Author: Audrey Whitson
ISBN: 9781927068779 Categories: Fiction, Short Stories (single author), Visionary & Metaphysical
Publication Date: 1 October, 2013
Dimensions: 6 x 8.62"

At the heart of every story in Audrey Whitson’s collection is a character seeking personal purpose amongst the deep mysteries of self, and a wholeness amid the fractious nature of life. Whitson’s evocative narration guides us effortlessly through these often turbulent journeys, seamlessly taking in a vast range of time and place along the way. An admirable authenticity of voice lends an intimacy and honesty to her carefully constructed tales.
The vividly depicted Mexican terrain and culture of “The Land Within” permeates a conflicted young woman and helps her to uncover her true self; “The Parts of a Man That Can Be Held Together” features a devout Catholic desperately struggling to resolve religious identity with sexual orientation. “The Water Witcher” shows Christianity and white magic making surprisingly comfortable partners while widening the worldly understanding of a young Albertan farm girl.
Whitson’s respect for her characters and gift for depicting a world enriched by diversity of beliefs, combined with a unique spiritual edge, creates a book alluringly imbued with significance, unveiled secrets, and mysterious events.

“Engrossing and searching. These stories deal with the mysteries at the heart of childhood, family, and life. Audrey Whitson is a writer to watch.” — Mary Borsky, author of Influence of the Moon and Cobalt Blue.
“Each place is vividly captured, grounded in the earth, from black loam to red dust, but it is in illuminating the land within that Whitson excels.” — Caterina Edwards, author of Homeground

About the Author

Audrey Whitson’s short fiction has appeared in Alberta Views, the Canadian Journal of Prairie Literature, Confluence, FreeFall, and Room Magazine. Her first book, Teaching Places (Wilfred Laurier University Press 2003), a memoir about how the land teaches, was shortlisted for three awards. Her poetry and essays have been published in many magazines and anthologies and have won awards.

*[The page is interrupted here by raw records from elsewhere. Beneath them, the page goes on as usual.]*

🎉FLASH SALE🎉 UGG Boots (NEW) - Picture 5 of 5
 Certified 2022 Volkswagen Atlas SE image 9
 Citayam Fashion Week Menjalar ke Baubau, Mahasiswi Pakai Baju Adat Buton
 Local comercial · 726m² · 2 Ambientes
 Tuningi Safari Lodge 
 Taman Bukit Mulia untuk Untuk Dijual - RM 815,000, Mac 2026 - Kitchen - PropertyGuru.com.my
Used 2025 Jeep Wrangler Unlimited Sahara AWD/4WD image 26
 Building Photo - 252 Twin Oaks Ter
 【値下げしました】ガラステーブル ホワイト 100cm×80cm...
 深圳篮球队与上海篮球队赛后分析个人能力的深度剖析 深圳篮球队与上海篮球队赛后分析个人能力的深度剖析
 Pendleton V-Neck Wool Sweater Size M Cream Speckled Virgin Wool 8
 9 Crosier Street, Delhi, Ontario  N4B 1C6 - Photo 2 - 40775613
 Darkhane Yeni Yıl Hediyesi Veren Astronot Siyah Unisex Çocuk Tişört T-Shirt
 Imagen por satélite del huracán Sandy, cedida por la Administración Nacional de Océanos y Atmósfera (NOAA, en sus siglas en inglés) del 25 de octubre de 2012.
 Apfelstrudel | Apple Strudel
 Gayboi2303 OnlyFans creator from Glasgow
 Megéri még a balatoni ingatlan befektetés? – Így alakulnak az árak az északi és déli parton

Audrey grew up on a farm in northern Alberta and has worked as a social worker, consulting and teaching theologian, editor and project manager. In the 1980s she spent almost five years in the San Francisco Bay Area, working with Mexican migrant workers and Central American refugees as well as studying feminist and liberation theology at the Graduate Theological Union (and Franciscan School of Theology) at Berkeley.

Publisher Note

These stories about girls and women display a range of storytelling. Stylistically the stories vary with their emotional impact but throughout them all is the steady, careful pulse of Whitson’s prose often characterized by first person narration and well-researched local colour. Although a straight-ahead storyteller, her use of first-person creates an intimacy that has the reader leaning in to hear the narrators’ secrets and to bear witness to their search for personal meaning. Whether the story is told from the point of view of a small child growing up on an Alberta farm, or a young middle-class woman living in California’s saturated culture, there is an undeniable authenticity of voice that is at once intimate and honest. Evocative in her landscape details and insightful in her psychological renderings, Whitson is fully in control of her character’s spiritual journeys as she is awed by the forces that shape them.